Colleen, who goes by @queenxxcolleen on TikTok, is pushing her relationship forward in a big way. She is moving in with her boyfriend and, as such, Colleen let him know it's only fair they split their rent evenly. His reaction was rather odd.
"We're sharing an apartment, so we're splitting the rent," explains Colleen in her TikTok. Apparently this is not what everyone decides to do and Colleen is pretty confused by what she discovered on social media.
"I just watched a video where this girl was essentially saying in her relationship, she pays for absolutely nothing," she says. As if that wasn't shocking enough, many women in the comments revealed they have the same setup. "There are so many girls that don't pay for anything," says Colleen, who kind of regrets her offer.
Obviously Colleen shared this information with her boyfriend, fully expecting him to react similarly. He was very familiar with this scenario as his last girlfriend didn't pay rent when they lived together. What year was that, 1955?
This has changed everything for Colleen, who is wondering if this is the norm. Are gals the world over simply not paying when living with a boyfriend? What I personally don't like about that deal is the potential for an imbalanced power dynamic. I'm sure Colleen's boyfriend is very nice but that doesn't mean he won't get angry and remind her who is paying the rent.
Another sticky wicket is the fact that Colleen will be paying rent but her boyfriend's ex did not. Unfortunately we don't have all the information here. It's possible Colleen is more financially stable, but should she have to literally pay for being more together? Again, I could never feel like a kept woman. It sounds like Colleen is the same way.
I do think a change should be made in how much they each contribute to their living expenses. I doubt very seriously they make the same amount of money, which means splitting bills 50/50 will leave one of them with far less disposable income. They should contribute what they can, based on their incomes.

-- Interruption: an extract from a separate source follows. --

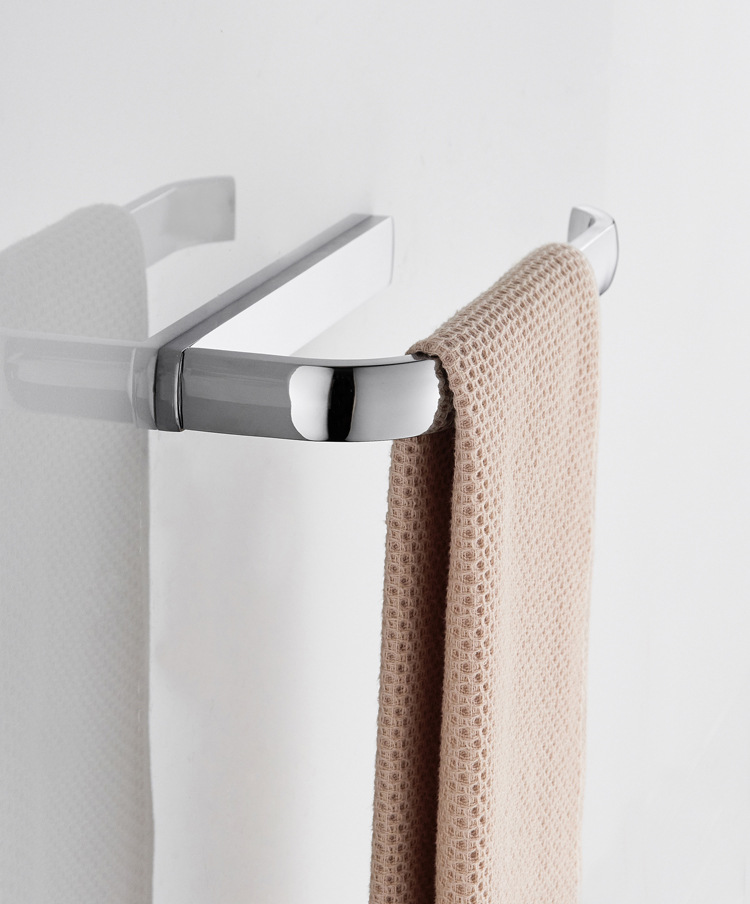 毛巾架全铜镀铬卫浴挂机批发厂家阿里巴巴亚马逊热卖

I hate to reference a bank here but this is a solid example of what I'm suggesting. According to Chase Bank, here's how you split your bills proportionately. "If Partner A makes $6,000 per month and Partner B makes $4,000 per month, their total income is $10,000. Partner A earns 60% of that, while Partner B brings in 40%. Now, imagine their total shared expenses are $4,000. Partner A would cover 60% of that — which is $2,400 — while Partner B would pay the remaining $1,600." See how that works?
I would be remiss if I didn't mention emotional labor. This "refers to the invisible and often undervalued work involved in keeping other people comfortable and happy," per The New York Times. This often falls to women more than men. It stands to reason that Colleen will be doing a lot of unpaid emotional labor that could be somewhat balanced out by paying less rent. Just a thought!